Mon 17 Jul 2006
This weekend is the Monte Vidon Corrado summer festa ( festival ). All the villages around here have them. The festa season seems to kick off around mid-May and for the next 4 or 5 months you don’t have to go far on any given weekend to find one. They are mostly pretty low-key events. We had a demonstration of Latin American dancing on Friday night, dancing to a band called Moracaimbo on Saturday night ( Latin American music again, you’re getting the idea, this is pretty popular music around here ) . Tonight there is a play - a comedy in three parts, which should certainly be fun with our limited Italian ! Whatever the entertainment, a festa always involves food. Big trestle tables and benches are set up under gazebos. The meal is usually from a set menu which you buy and eat with everyone else in the open. Drink is available, beer or wine but, surprisingly, very little is consumed . A glass or two with your meal maybe.
Often the festa will have a theme .There was the Fragola Festa in Servigliano ( fragola means strawberry ) where we drank strawberry flavoured wine and ate the best pannacotta ever with strawberry couli poured over it ( whilst listening to Latin American music, of course) . Monteppone had its Fava Festa ( favas are broad beans !). There was a hunters festa in Falerone ( Papardelle con Lepra, pasta with hare, was the main dish ), one to be avoided by vegetarians like me, obviously !
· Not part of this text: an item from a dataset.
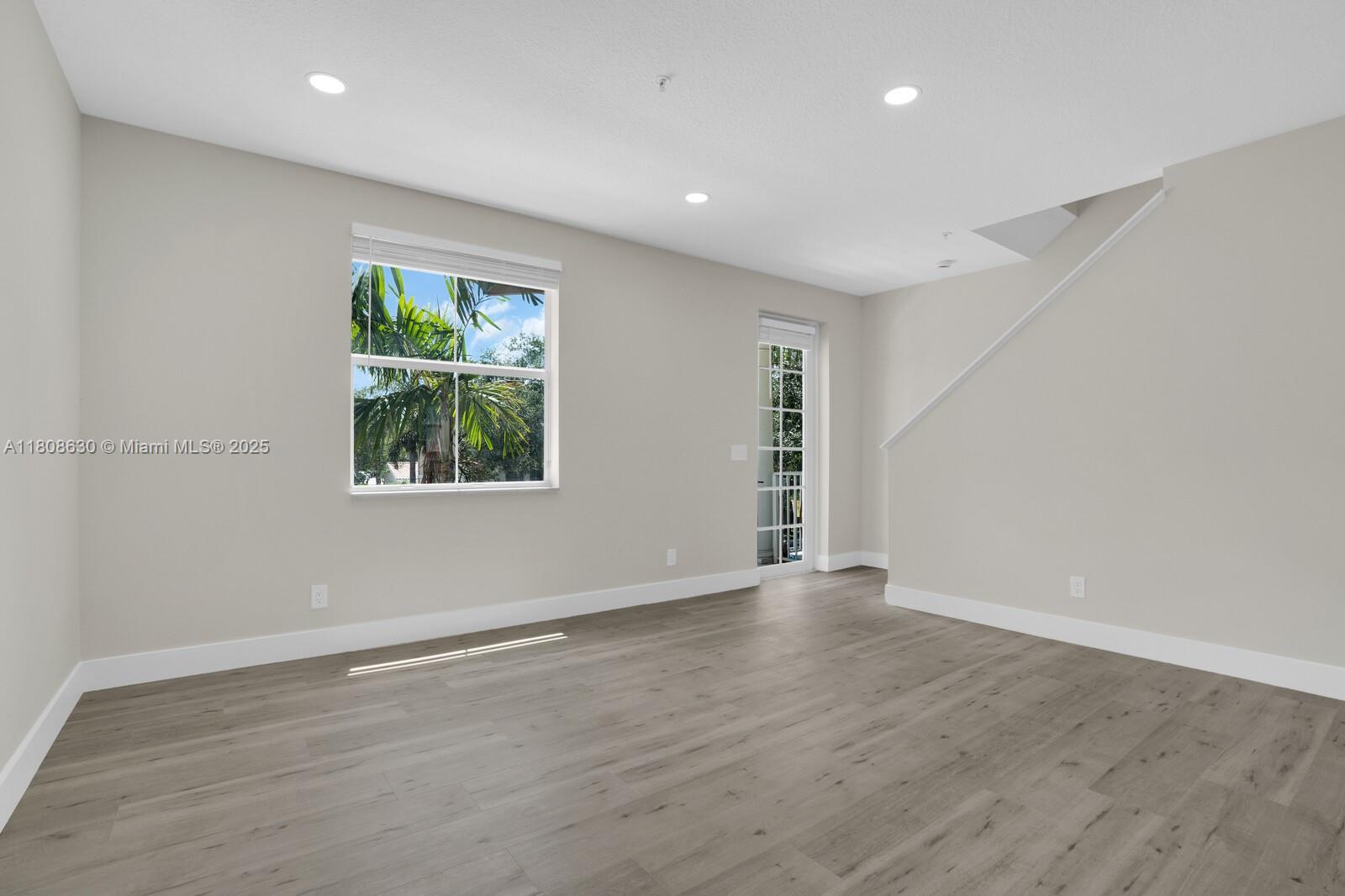 4123 Parkside Drive Jupiter, FL 33458 - Photo 10 of 39 an empty room with wooden floor and windows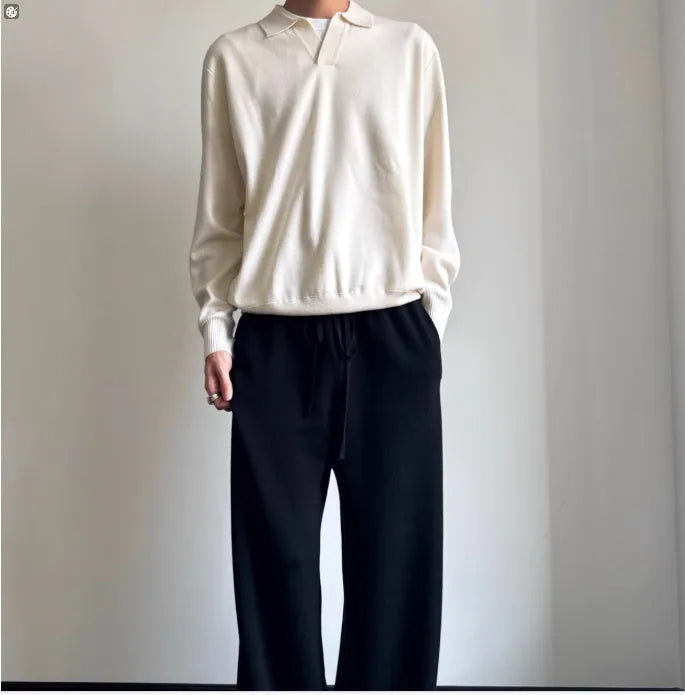 Pure wool polo sweater with lapel collar in milky white and navy blue colours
Some villages like a good festa so much they have several . Monteppone prides itself on being the hat-making capital of Le Marche ( or maybe of the whole of Italy, I‘m not sure ). They even have a hat museum ! So as well as the broad bean festival they also have a festa dei capelli – you’ve guessed it , a hat festival. One small village half an hours drive away, Francavilla d’Ete, is far less conservative and they have several music festas each year – not Latin American, surprisingly, but blues and rock n roll. I think Eric Burdon appeared there a couple of years ago ( showing my age here ! ).
So, as I say , for the most part these tend to be pretty low key events ( apart from Francavilla d’Ete, of course ) but they provide two things very dear to the hearts of most Italians – good food and the opportunity to get out on a warm summers evening and talk to people. Which can’t be bad thing.